WHAT TO PRODUCE
Apart from the pictures, output all of the records exactly.

Short descriptive text snippets
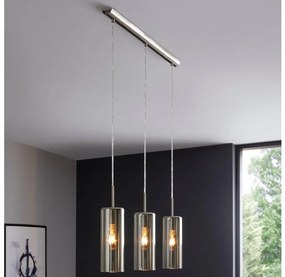 Eglo 98697 - Lampadario a sospensione con filo SELVINO 3xE27/15W/230V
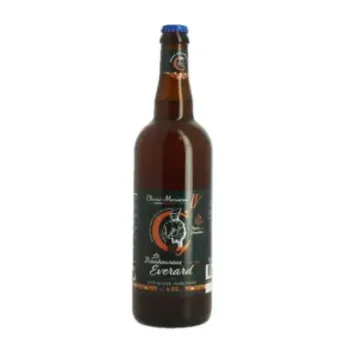 Bière Blonde Houblonnées Le Bienheureux EVERARD 75 cl Brasserie Abbaye de Clairmarais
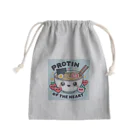 FOOD･Tのラーメンは心のプロテイン Mini Drawstring Bag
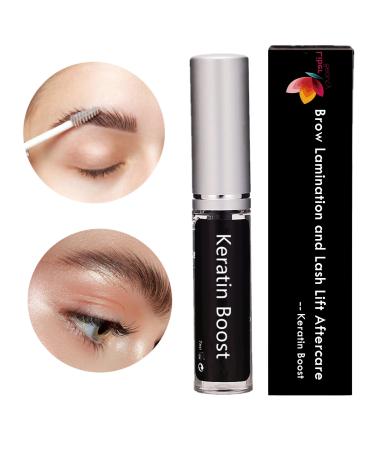 Brow Lamination Treating Nutrition Lash Lift Aftercare Keratin Boost Eyebrow Lamination Conditioner Moisturizing the Brow hairs Fuller & Thicker Aftercare for Lash Brow Lamination/Lift//Wax |100-Day Supply (Clear-keratin...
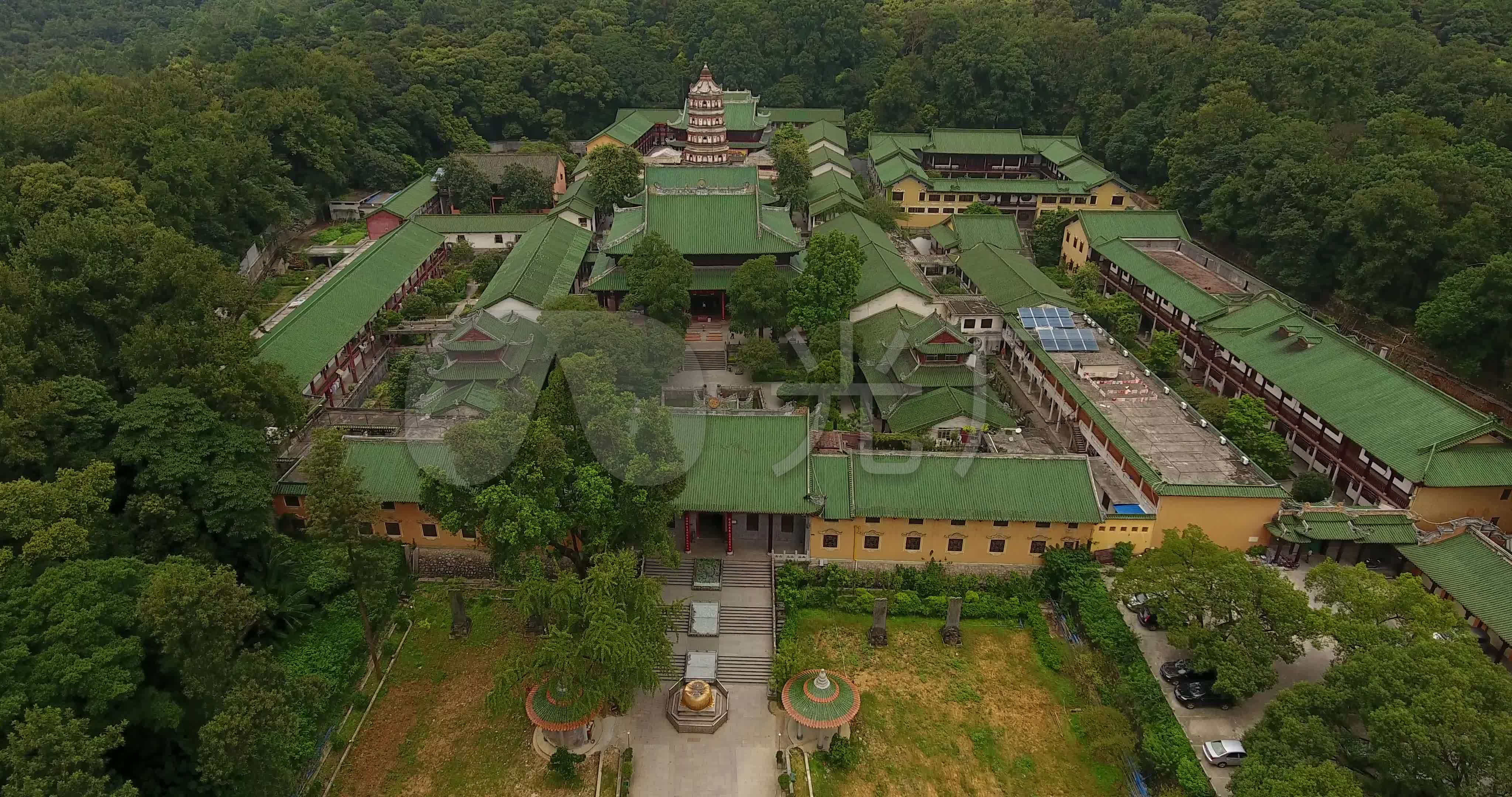 南华寺_4096x2160_高清视频素材下载(编号:6145020)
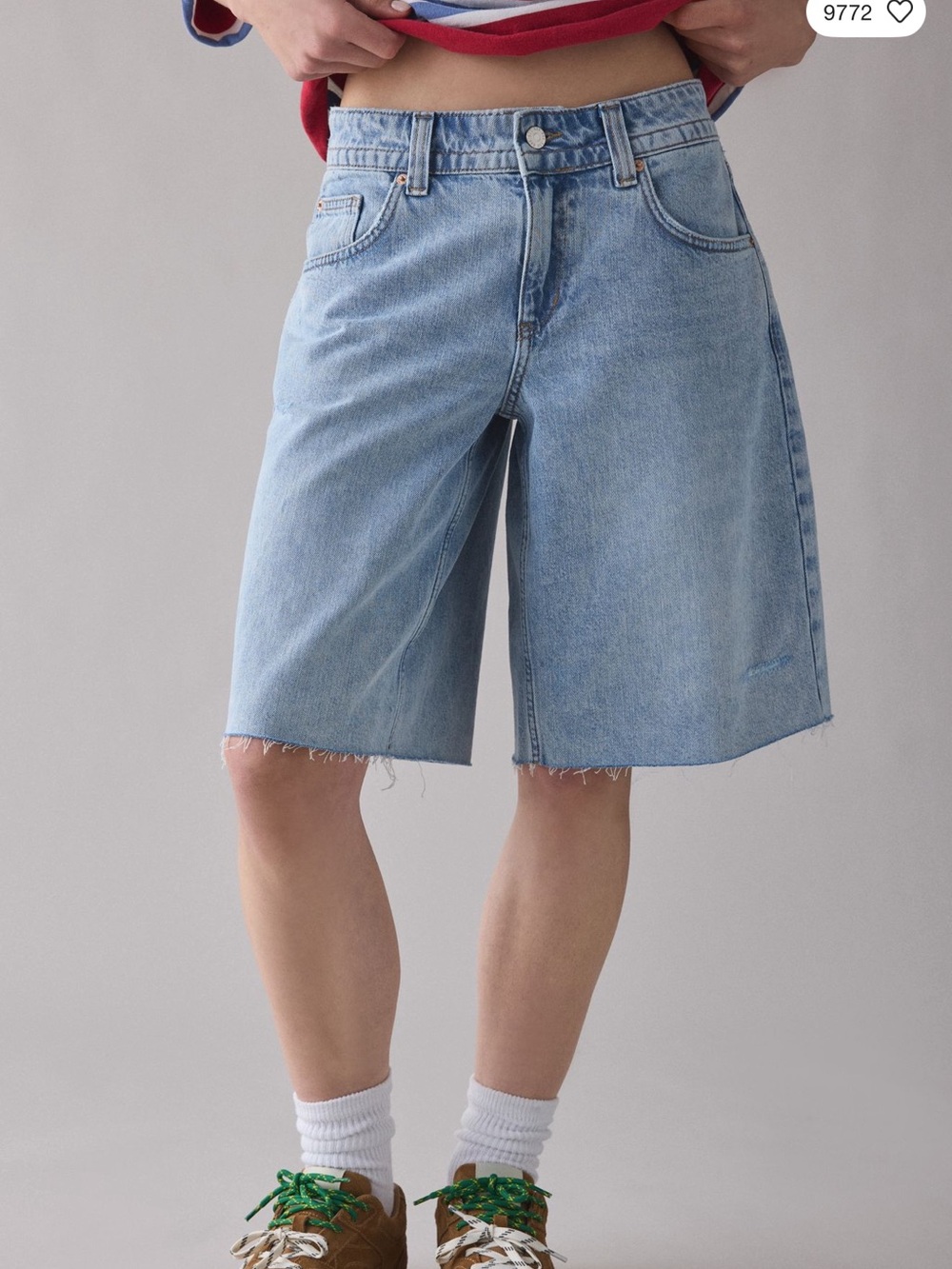 BDG Front Runner Mid Rise Baggy Jorts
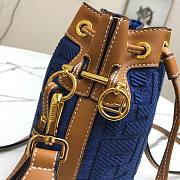 Fendi MON TRESOR blue FF leather bag - 5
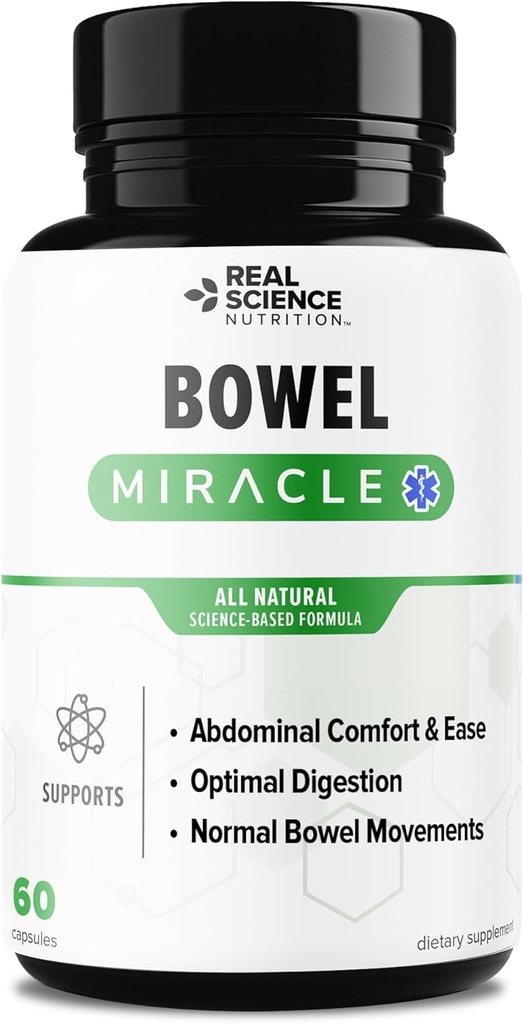 Tilbyr Bowel Miracle: Naturlig løsning for Gut helse, bukspytt Discomfort, Lower Bowel Formula, Aiding IBS og kronisk blomstring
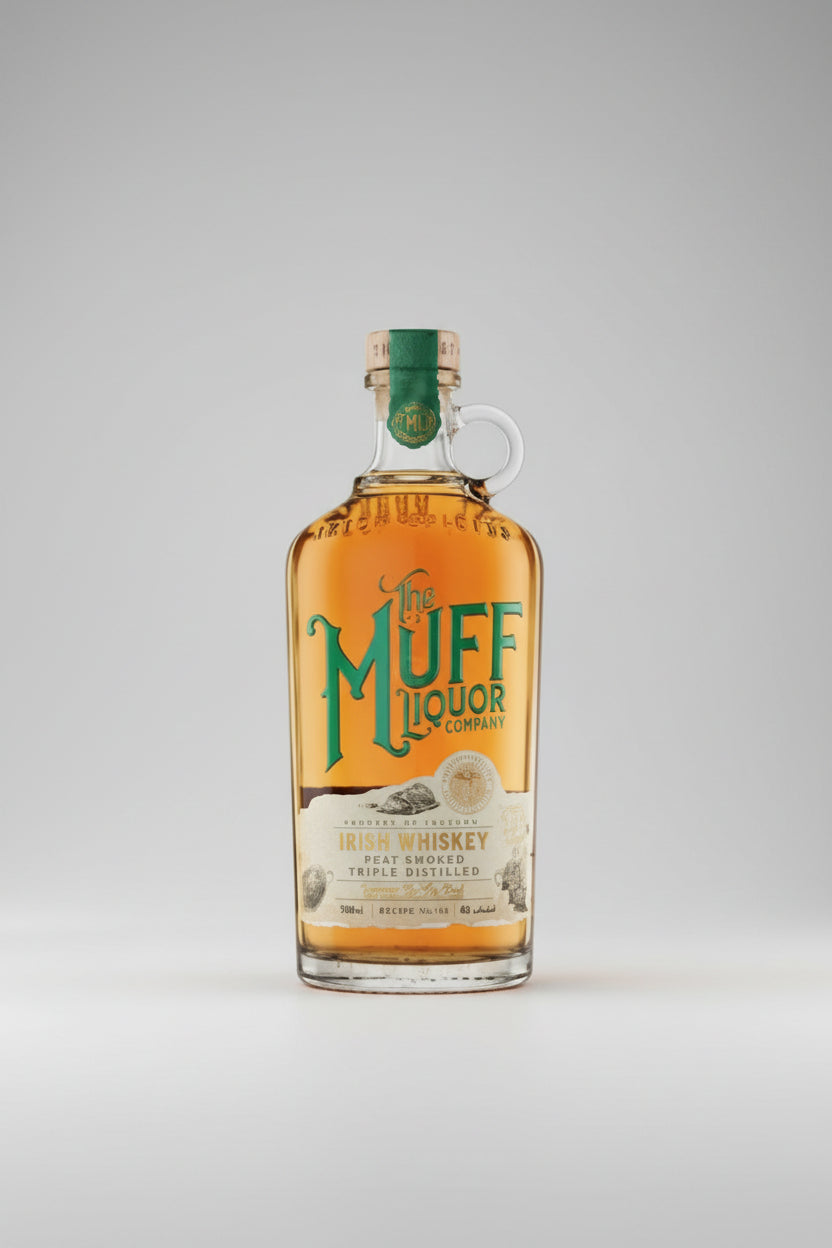 The Muff Liqour Company Irish Whiskey Peat Smoked Triple Distilled 700 ml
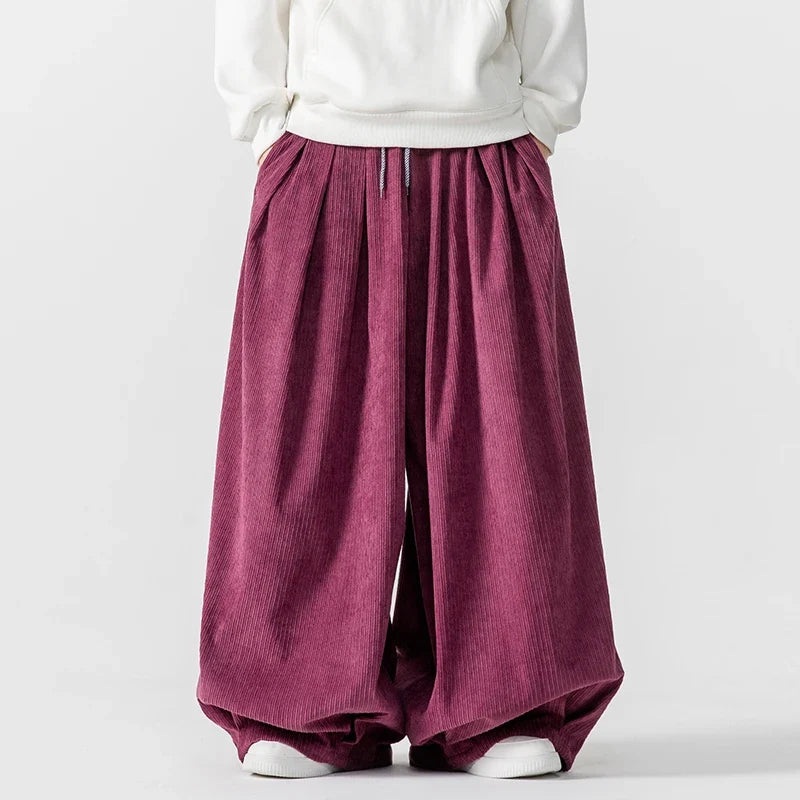 Aidrani Unisex Corduroy Street Trousers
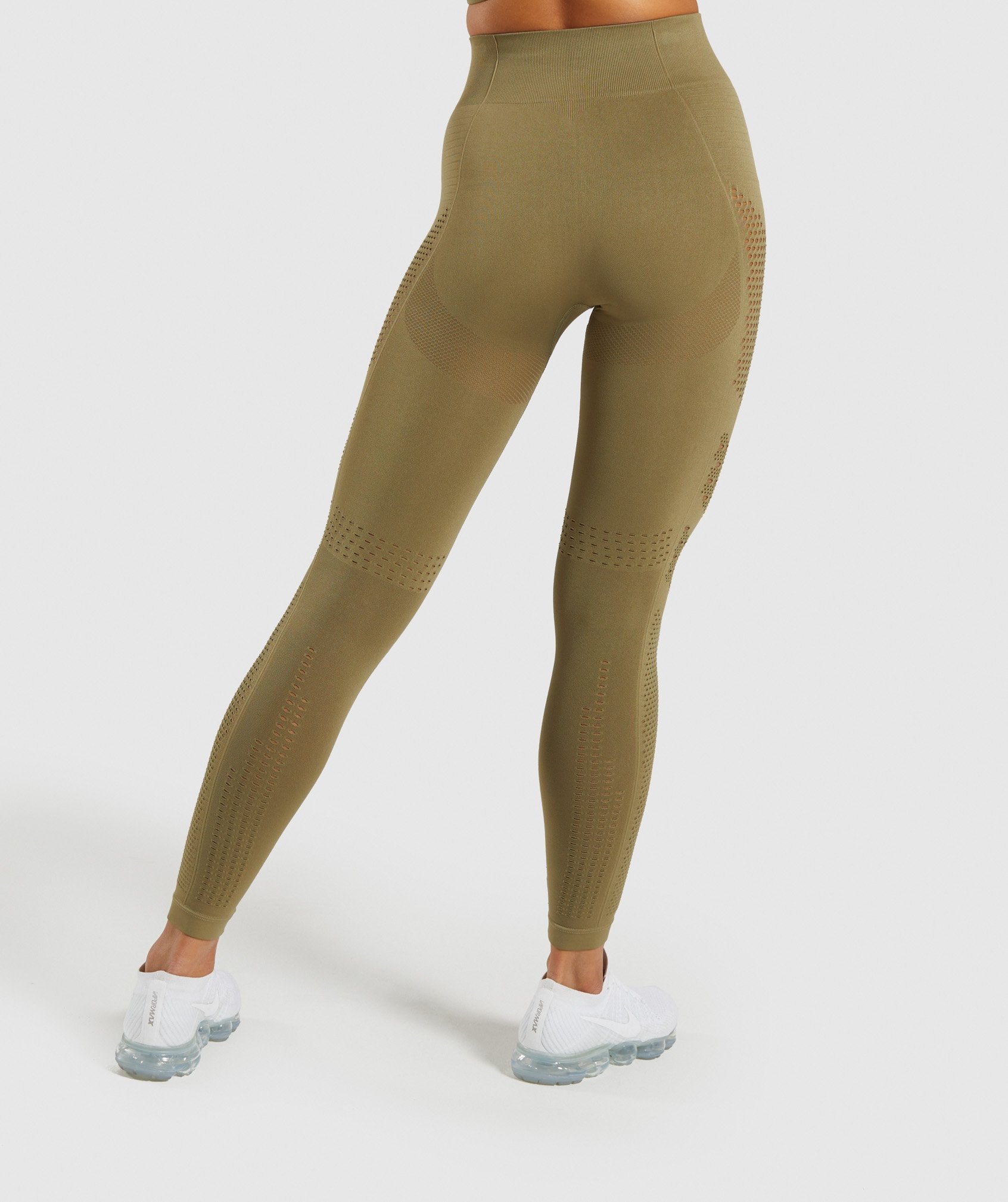 Flawless Knit Tights in Khaki - view 2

REPLY TO THE TASK
 Eglo 98697 - Lampadario a sospensione con filo SELVINO 3xE27/15W/230V
 Bière Blonde Houblonnées Le Bienheureux EVERARD 75 cl Brasserie Abbaye de Clairmarais
 FOOD･Tのラーメンは心のプロテイン Mini Drawstring Bag
 Brow Lamination Treating Nutrition Lash Lift Aftercare Keratin Boost Eyebrow Lamination Conditioner Moisturizing the Brow hairs Fuller & Thicker Aftercare for Lash Brow Lamination/Lift//Wax |100-Day Supply (Clear-keratin...
 南华寺_4096x2160_高清视频素材下载(编号:6145020)
 BDG Front Runner Mid Rise Baggy Jorts
 Fendi MON TRESOR blue FF leather bag - 5
 Tilbyr Bowel Miracle: Naturlig løsning for Gut helse, bukspytt Discomfort, Lower Bowel Formula, Aiding IBS og kronisk blomstring
 The Muff Liqour Company Irish Whiskey Peat Smoked Triple Distilled 700 ml
 Aidrani Unisex Corduroy Street Trousers
 Flawless Knit Tights in Khaki - view 2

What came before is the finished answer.